Despite this pretty major temporal shift, Hayter’s treatment of the source material was considered by no less an authority than Moore himself to be “as close as I could imagine anyone getting to Watchmen.”
Hayter looked all set to direct when he was offered the chair in 2001, something which sent Watchmen and Metal Gear fanbois and grrls into full-on froth mode. Having secured Moore’s blessing, Hayter and producer Lloyd Levin (Mystery Men, The Rocketeer and the first Tomb Raider movie) upped sticks and left Universal after falling out over creative differences. The pair tried to get Revolution Studios, (producers of Hellboy) interested, but negotiations fell through.
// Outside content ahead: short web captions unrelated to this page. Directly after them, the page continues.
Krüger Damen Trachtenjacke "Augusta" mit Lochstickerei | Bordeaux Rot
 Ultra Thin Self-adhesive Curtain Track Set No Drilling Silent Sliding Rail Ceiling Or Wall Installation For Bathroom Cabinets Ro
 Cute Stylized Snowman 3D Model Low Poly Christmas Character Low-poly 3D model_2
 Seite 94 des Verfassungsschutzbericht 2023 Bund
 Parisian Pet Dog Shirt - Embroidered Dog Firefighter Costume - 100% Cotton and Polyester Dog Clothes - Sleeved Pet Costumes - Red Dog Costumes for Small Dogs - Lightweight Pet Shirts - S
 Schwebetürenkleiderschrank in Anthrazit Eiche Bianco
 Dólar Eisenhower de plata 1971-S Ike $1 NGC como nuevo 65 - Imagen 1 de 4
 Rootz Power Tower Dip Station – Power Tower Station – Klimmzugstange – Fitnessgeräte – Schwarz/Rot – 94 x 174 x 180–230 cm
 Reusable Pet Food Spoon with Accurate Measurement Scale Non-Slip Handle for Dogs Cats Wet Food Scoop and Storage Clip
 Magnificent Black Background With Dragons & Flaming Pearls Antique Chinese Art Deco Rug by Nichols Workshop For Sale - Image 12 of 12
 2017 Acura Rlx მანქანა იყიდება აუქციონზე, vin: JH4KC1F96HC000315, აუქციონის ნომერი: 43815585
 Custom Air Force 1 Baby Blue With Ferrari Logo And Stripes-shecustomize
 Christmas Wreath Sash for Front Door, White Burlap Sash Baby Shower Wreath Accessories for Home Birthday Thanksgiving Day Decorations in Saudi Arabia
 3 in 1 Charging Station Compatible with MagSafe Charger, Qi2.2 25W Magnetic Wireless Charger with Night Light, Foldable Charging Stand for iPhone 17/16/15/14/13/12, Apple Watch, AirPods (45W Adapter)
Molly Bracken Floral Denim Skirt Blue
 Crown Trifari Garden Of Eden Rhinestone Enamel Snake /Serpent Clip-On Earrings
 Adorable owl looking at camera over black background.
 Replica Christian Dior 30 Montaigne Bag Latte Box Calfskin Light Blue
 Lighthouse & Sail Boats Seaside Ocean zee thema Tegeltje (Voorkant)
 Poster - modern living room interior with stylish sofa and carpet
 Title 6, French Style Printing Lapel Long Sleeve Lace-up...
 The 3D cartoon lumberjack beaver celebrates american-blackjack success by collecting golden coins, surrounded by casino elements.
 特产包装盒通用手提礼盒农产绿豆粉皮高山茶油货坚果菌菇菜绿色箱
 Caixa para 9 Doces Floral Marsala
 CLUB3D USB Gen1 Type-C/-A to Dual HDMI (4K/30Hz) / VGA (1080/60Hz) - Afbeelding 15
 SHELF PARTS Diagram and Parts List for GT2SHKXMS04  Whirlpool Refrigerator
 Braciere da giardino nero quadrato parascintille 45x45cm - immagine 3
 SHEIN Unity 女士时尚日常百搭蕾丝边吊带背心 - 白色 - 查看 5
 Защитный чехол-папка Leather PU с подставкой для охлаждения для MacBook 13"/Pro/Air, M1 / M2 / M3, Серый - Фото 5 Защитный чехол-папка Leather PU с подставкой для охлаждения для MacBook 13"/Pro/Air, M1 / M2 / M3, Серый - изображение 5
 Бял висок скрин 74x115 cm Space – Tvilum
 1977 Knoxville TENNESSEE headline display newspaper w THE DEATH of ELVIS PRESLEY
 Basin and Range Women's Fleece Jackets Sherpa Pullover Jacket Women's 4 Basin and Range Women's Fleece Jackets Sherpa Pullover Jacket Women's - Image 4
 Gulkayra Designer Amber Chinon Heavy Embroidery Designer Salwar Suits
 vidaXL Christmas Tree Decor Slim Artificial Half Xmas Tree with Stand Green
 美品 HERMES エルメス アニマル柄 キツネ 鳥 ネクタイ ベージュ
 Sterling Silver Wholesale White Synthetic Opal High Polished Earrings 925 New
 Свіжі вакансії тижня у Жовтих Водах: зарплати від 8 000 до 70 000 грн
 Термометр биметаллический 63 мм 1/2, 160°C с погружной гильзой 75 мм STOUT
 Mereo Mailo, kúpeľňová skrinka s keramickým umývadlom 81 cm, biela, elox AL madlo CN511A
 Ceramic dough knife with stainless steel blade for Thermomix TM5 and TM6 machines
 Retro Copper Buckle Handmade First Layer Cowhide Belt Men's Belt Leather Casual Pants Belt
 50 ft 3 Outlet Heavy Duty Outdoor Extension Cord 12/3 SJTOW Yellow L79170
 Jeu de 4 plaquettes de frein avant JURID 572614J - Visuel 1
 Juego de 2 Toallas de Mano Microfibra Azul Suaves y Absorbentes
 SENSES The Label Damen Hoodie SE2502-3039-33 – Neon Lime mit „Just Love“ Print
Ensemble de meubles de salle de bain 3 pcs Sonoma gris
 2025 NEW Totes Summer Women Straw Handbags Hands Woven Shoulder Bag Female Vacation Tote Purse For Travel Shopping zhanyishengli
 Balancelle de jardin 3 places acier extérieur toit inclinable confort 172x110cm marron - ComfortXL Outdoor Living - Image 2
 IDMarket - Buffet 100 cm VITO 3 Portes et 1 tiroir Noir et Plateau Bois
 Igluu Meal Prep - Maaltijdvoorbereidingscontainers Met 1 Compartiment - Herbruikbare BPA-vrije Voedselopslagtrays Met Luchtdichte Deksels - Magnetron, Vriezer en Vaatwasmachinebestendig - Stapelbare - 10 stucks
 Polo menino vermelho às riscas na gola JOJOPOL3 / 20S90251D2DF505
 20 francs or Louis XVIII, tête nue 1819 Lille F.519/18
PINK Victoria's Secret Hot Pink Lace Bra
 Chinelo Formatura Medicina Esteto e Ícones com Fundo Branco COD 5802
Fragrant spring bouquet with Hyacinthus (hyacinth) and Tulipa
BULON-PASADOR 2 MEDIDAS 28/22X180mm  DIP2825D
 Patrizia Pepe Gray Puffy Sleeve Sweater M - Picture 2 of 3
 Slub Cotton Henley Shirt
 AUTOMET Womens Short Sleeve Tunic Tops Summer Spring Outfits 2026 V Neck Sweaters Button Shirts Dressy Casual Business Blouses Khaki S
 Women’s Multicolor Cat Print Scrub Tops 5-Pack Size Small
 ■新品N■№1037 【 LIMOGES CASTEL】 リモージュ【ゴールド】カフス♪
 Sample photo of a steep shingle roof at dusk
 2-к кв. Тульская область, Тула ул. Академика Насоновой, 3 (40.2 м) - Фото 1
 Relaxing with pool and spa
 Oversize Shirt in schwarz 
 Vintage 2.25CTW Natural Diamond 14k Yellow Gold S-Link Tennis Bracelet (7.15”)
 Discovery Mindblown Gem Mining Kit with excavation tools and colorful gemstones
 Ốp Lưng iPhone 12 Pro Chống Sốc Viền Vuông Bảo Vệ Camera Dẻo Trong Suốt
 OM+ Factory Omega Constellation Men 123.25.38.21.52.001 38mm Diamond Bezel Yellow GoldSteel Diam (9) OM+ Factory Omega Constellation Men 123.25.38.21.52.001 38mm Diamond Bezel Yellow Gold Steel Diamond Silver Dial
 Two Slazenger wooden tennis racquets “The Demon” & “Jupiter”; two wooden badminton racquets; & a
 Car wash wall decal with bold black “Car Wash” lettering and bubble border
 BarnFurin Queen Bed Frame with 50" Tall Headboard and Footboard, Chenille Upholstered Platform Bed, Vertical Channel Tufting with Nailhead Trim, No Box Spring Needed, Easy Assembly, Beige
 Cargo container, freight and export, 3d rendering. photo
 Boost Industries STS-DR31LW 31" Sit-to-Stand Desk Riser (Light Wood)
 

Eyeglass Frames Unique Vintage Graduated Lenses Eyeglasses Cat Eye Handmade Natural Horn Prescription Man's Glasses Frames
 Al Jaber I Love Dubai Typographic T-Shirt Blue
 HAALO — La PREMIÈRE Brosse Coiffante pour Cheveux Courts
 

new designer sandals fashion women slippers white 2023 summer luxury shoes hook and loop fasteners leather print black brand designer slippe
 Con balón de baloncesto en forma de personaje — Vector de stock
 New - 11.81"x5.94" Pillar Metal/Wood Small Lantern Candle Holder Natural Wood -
Hayter reluctantly relinquished the role of director, after it emerged that Warner Bros. would finance the film, so long as the script got a re-write, meaning that the movie you’ll eventually see next year will be set in the eighties as in the original, although several elements of Hayter’s script have been used in the final version, to the extent that he receives a screen credit. Eventually, Zack Snyder, who previously worked on 300 (another comic adaptation) was given the job of director, with Alex Tse (Sucker Free City) writing the script.

All of this studio manoeuvring and wrangling has seen the movie tied up in litigation. It is currently thought that Warners will distribute the film in North America, with Paramount getting distribution rights for the rest of the world. However, Fox believes that ultimately, the rights to distribute the film rest with them, no matter how much money the other studios have thrown at it. The case is due to begin in January next year, a good two months before the film is due to premiere on the 6th of March 2009.
There’s every chance that we might not get to see this film by then, or by next year or even at all. So what’s the point in blogging about a film that might not see the light of day?
The wealth of trailers and pictures currently floating around on the internet suggest that the film will be released – hopefully the inertia of the Hollywood juggernaught will be enough for the movie to see the light of day. There’s simply too much money at stake.
Regardless of whether it comes out or not, Moore, however won’t be watching the Watchmen. “My book is a comic book,” he said to US magazine Entertainment Weekly. “Not a movie, not a novel. A comic book. It’s been made in a certain way, and designed to be read a certain way: in an armchair, nice and cozy next to a fire, with a steaming cup of coffee.”
Despite his much documented disdain for Hollywood (he is quoted in the LA Times saying that “It spoon-feeds us, which has the effect of watering down our collective cultural imagination. It is as if we are freshly hatched birds looking up with our mouths open waiting for Hollywood to feed us more regurgitated worms…”), sitting next to a crackling open fire with a mug of coffee doesn’t sound like too bad a way to enjoy the film when/if it comes out on DVD.
The Tales of the Black Freighter narrative has been filmed; it stars Gerard Butler (King Leonidas from 300) and is thought to be released on DVD independent of the supposedly eventual Watchmen DVD release. Under The Hood, the aforementioned autobiography, has also been filmed as a mockumentary, and is expected to be bundled on the same disc as Tales of the Black Freighter is. There are also rumours of a Lord of the Rings style ‘extended edition’ box set DVD which will include Tales edited back into the main feature as intended…
With the court case looming, all of this however is hearsay. It might never be released in this form, or any form at all. It still might. But is also might not. All we can do is sit and wait, and watch the minute hand of the clock slowly count its way to midnight.